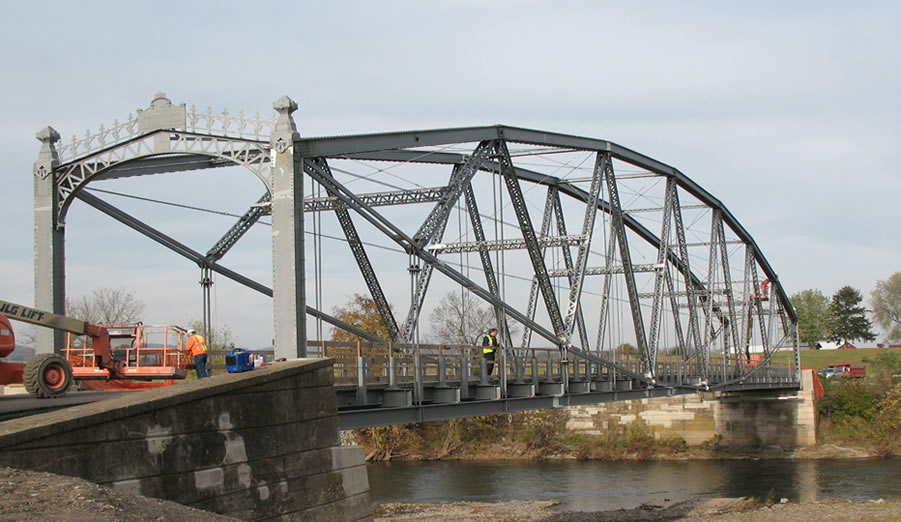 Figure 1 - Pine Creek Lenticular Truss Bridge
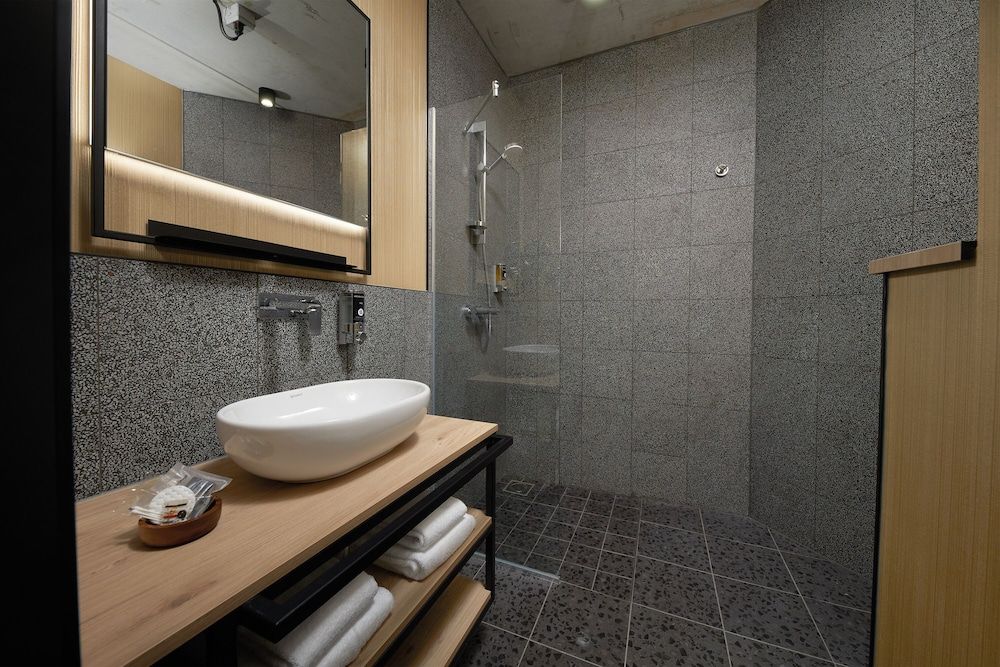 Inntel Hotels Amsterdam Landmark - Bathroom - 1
==========
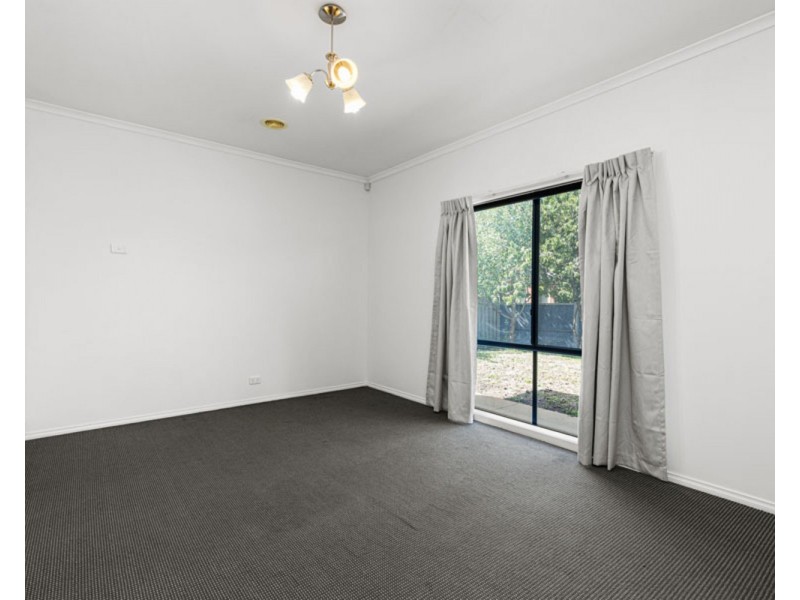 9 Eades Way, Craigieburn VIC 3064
==========
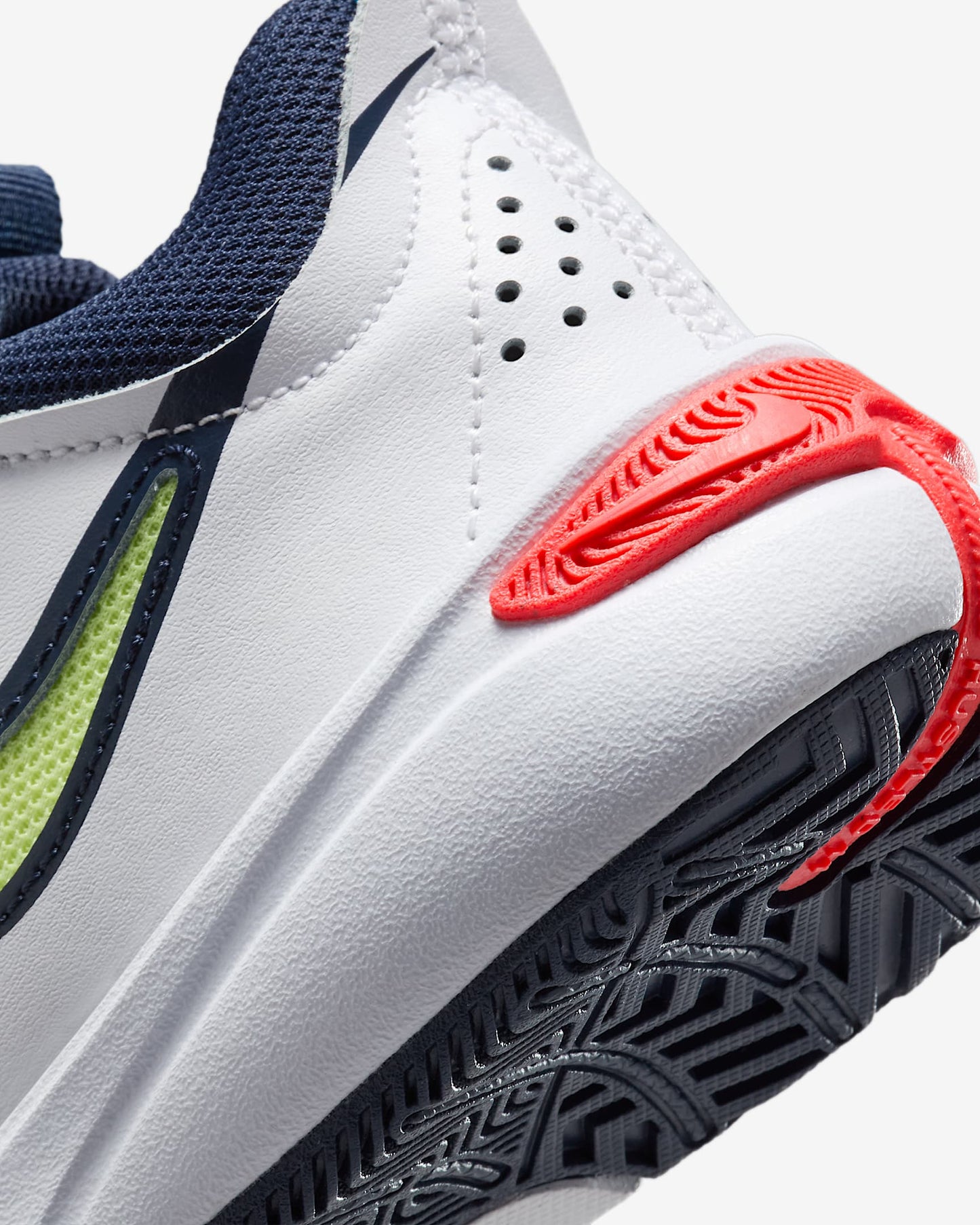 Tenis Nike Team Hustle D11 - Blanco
==========
▶ **DESCRIPTION OF THE TASK**
In the listing above, find the line containing "Figure 1 - Pine" and the line containing "Inntel Hotels Amsterdam", then output those two lines and everything between them exactly as written, without the images.

▶ **RESPONSE TO THE TASK**
 Figure 1 - Pine Creek Lenticular Truss Bridge
 Inntel Hotels Amsterdam Landmark - Bathroom - 1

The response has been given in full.